Jarvis indexes your personal documents (Obsidian, Notion, Drive, email, local files, PDFs) and lets you query them in natural language, in Italian and English.

What you can do

  • 🔎 Semantic search over your notes and documents
  • Natural language questions on your content
  • 🔗 Citations always present (you know where you read it)
  • 🌍 Multilingual: ask in English, find documents in Italian (and vice versa)
  • 🖼️ Visual RAG on PDFs with figures, complex layouts, scans
  • ⏱️ Incremental sync with file watchers (real-time)

RAG framework

Framework Strength Best for
R2R (RAG to Riches) Containerised, GraphRAG, hybrid search Complete RAG backend
LlamaIndex Connectors for every source Custom pipelines
Khoj Personal AI built-in, Obsidian sync UI ready out of the box
Haystack 2.x Production-grade, modular Enterprise
AnythingLLM Workspace isolation Non-technical users

Recommendation: R2R as backend + Khoj as application layer for UI/Obsidian sync.
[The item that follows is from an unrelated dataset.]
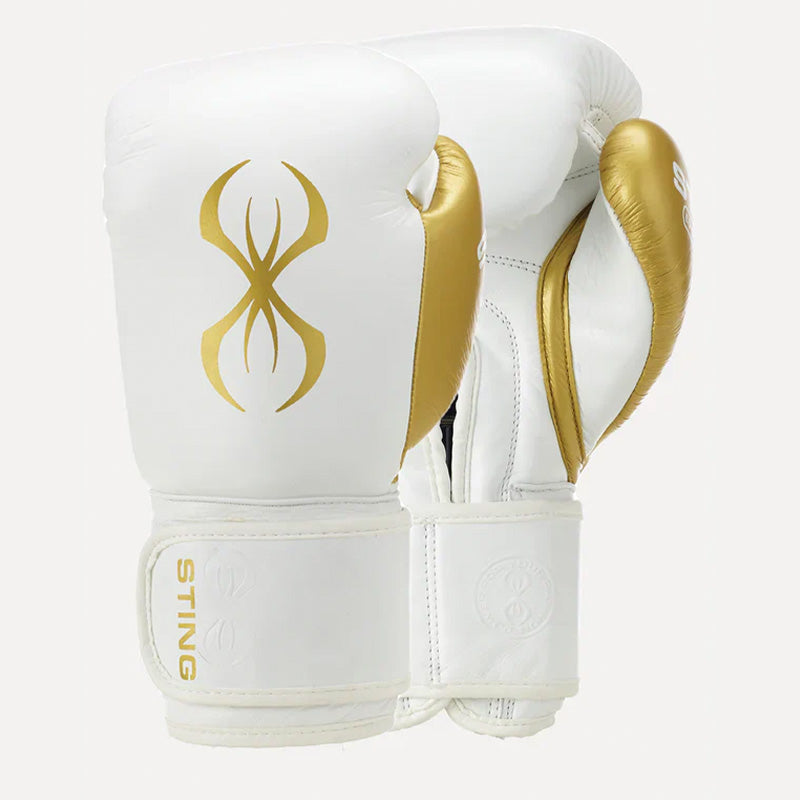 Sting Boxing | Evolution - Boxing Gloves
Embedding model 2026 (multilingual IT+EN)

Model Dim Multilingual IT+EN MTEB
BGE-M3 (BAAI) 1024 ✅ Excellent (cross-lingual) 72% retrieval
Nomic Embed v2 768 Good 57-63%
Jina Embeddings v3 1024 Good Top tier
mxbai-embed-large 1024 ❌ EN only 59%

Clear winner: BGE-M3 — supports 100+ languages in a single semantic space. Cross-lingual: ask in Italian, find docs in English.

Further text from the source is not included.